Given material:
● ● ●

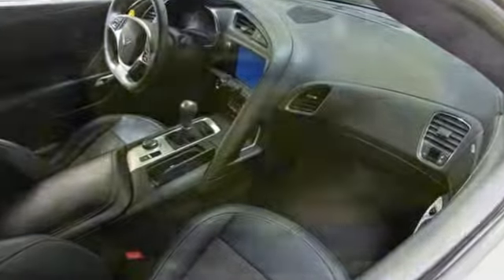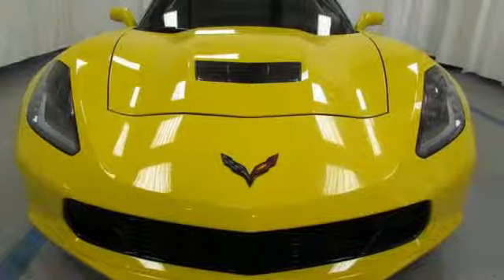Chevy — 100 years of icons. There's even more to see in person. Take it for a test drive today.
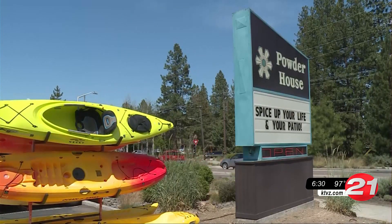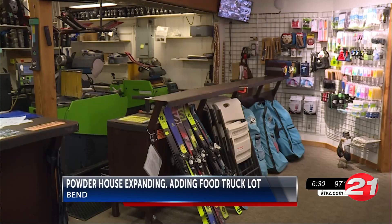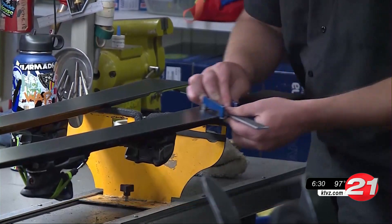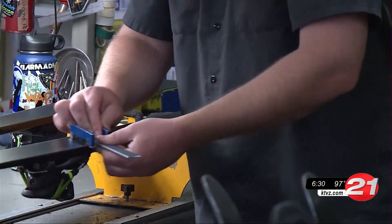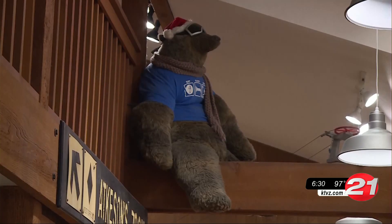Powder House Ski and Snowboard Shop is expanding in two parts. Phase 1 includes a 4,425 square foot addition to the existing building on Southwest Century Drive to make room for its new selection of back country and cross country ski gear. Phase 2 is the construction of a new three story building for a tap house and outdoor patio space for 12 food carts.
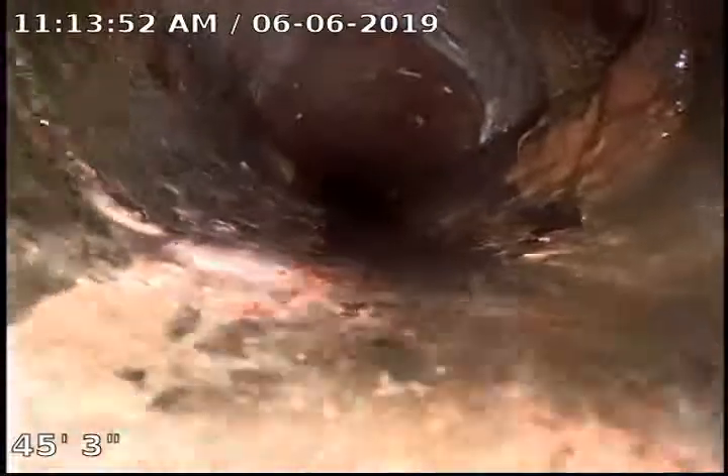We are just cruising along, everything looks good here. You can see a little bit of buildup along the bottom from the cast iron.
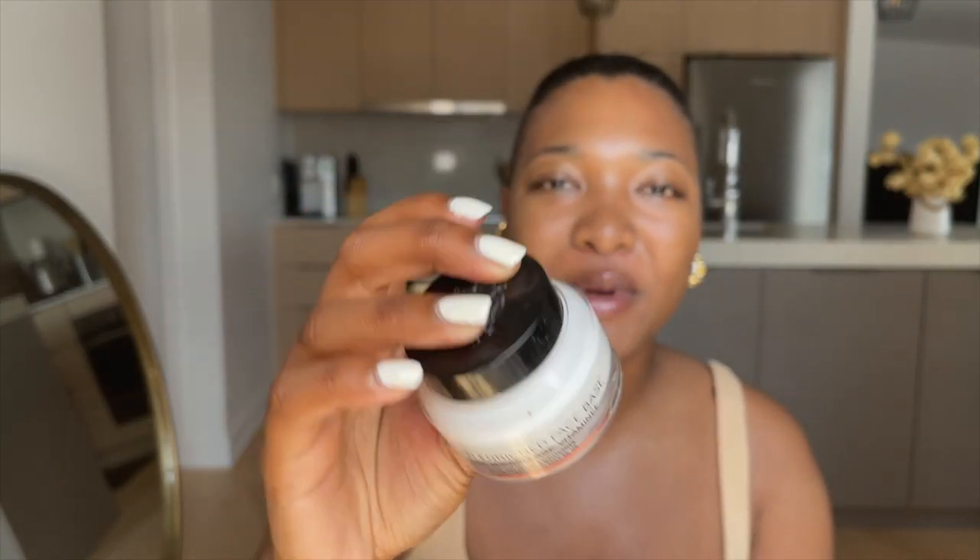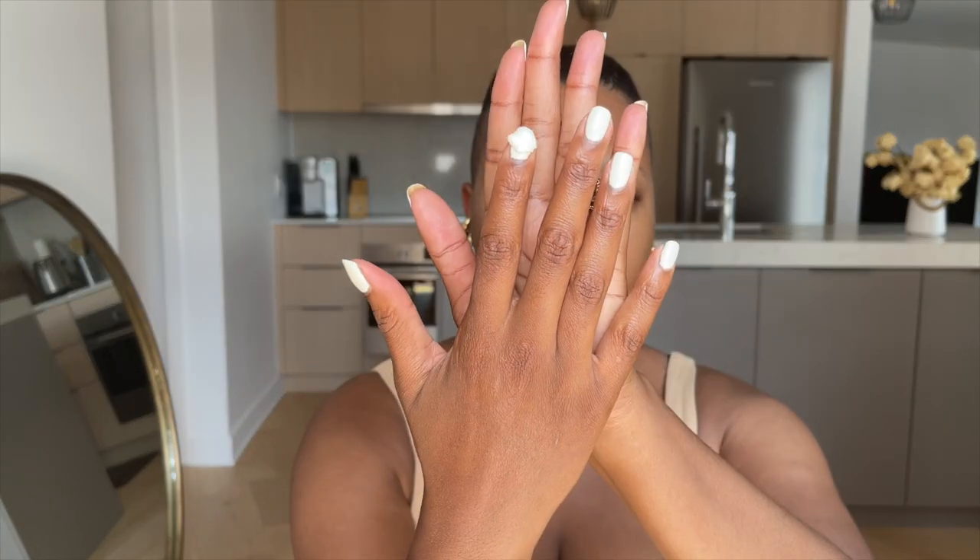Something I feel is important for my base is this one from Bobbi Brown — this is the Vitamin Enriched Face Base. I love this one, it's moisturizing and I also use it as a primer slash moisturizer. It's lovely — maybe about this much.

● ● ●

The problem:
Write out the listing above exactly as it stands, pictures excluded.

Solution to this problem:
Chevy — 100 years of icons. There's even more to see in person. Take it for a test drive today.
Powder House Ski and Snowboard Shop is expanding in two parts. Phase 1 includes a 4,425 square foot addition to the existing building on Southwest Century Drive to make room for its new selection of back country and cross country ski gear. Phase 2 is the construction of a new three story building for a tap house and outdoor patio space for 12 food carts.
We are just cruising along, everything looks good here. You can see a little bit of buildup along the bottom from the cast iron.
Something I feel is important for my base is this one from Bobbi Brown — this is the Vitamin Enriched Face Base. I love this one, it's moisturizing and I also use it as a primer slash moisturizer. It's lovely — maybe about this much.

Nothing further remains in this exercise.